■ **PROBLEM TO WORK ON**
Print exactly what appears from the line containing "EveryDrop by Whirlpool" through the final line of the data below, pictures excluded.

■ **DATA PROVIDED**
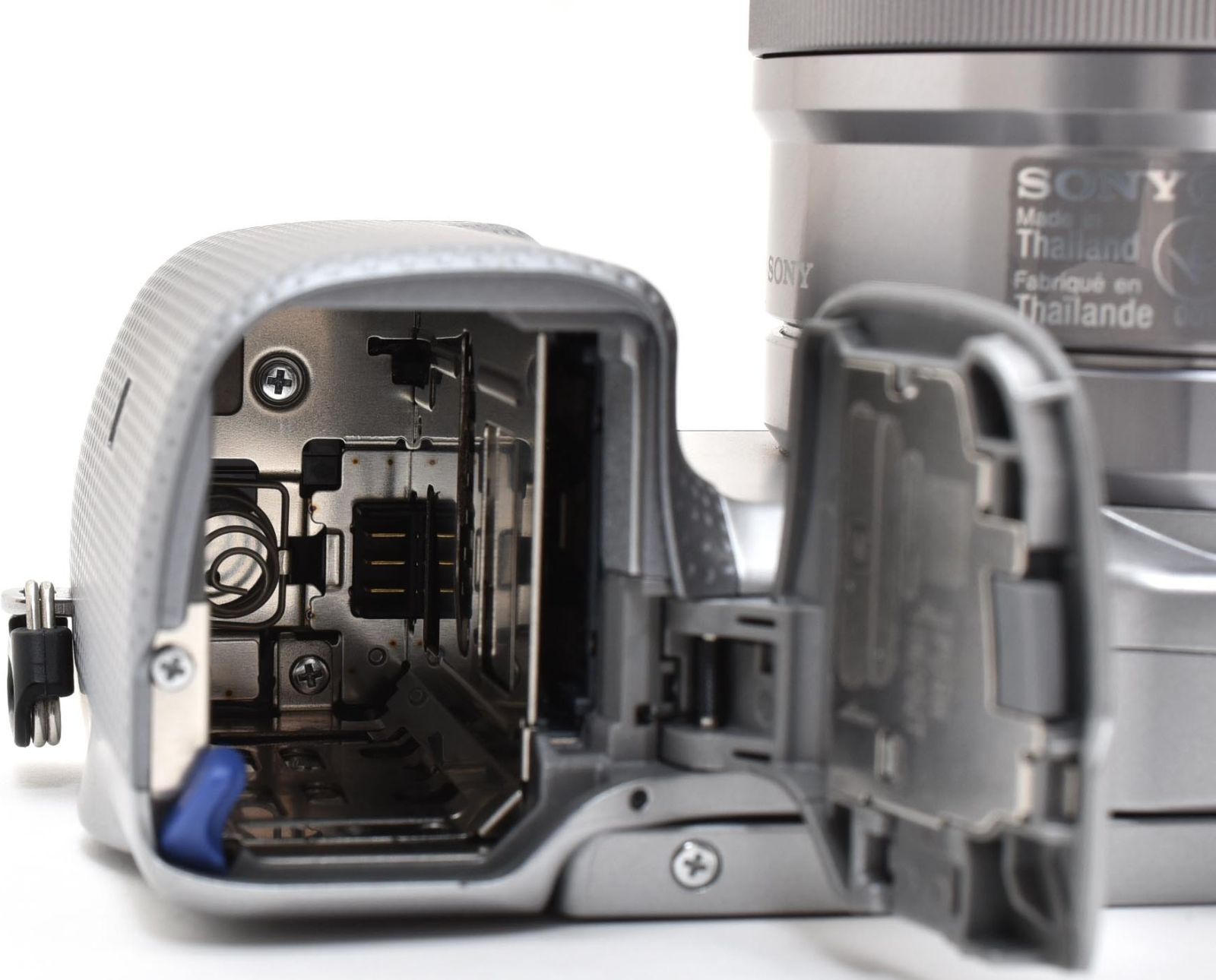 ソニー ミラーレス SONY α NEX-5T レンズキット シルバー 中古 Wi-Fi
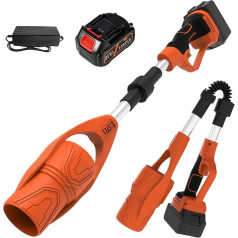 Battery Leaf Blower 21 V with Battery and Charger, Electric Leaf Blower 29000 RPM, 226 km/h High Speed Blower, Garden Blower for Garden, Lawn Care, Snow Removal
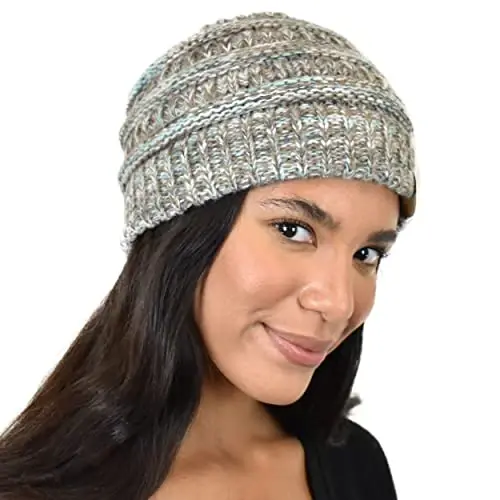 C.C Trendy Warm Chunky Soft Stretch Cable Knit Beanie - 3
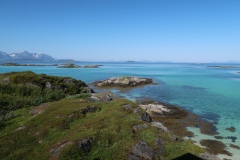 Vue depuis la maison à Skrolsvik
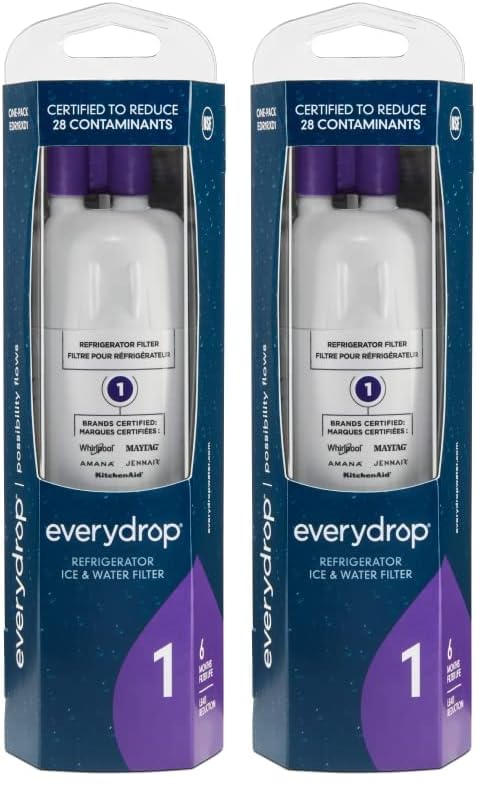 EveryDrop by Whirlpool Ice and Water Refrigerator Filter 1, EDR1RXD1, Purple
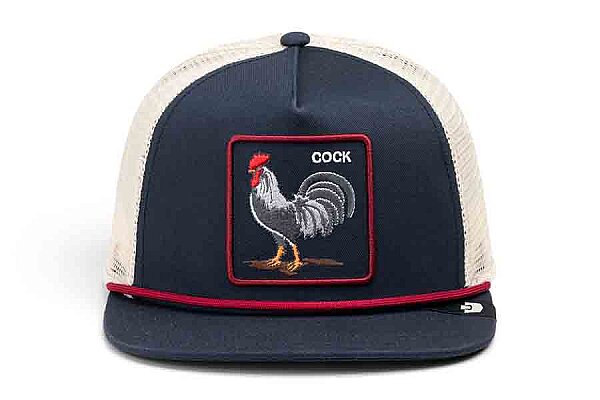 Goorin Bros. Flatbrim Rooster ( Horoz Figür ) Şapka 101-3148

■ **RESULT FOR THIS TASK**
 EveryDrop by Whirlpool Ice and Water Refrigerator Filter 1, EDR1RXD1, Purple
 Goorin Bros. Flatbrim Rooster ( Horoz Figür ) Şapka 101-3148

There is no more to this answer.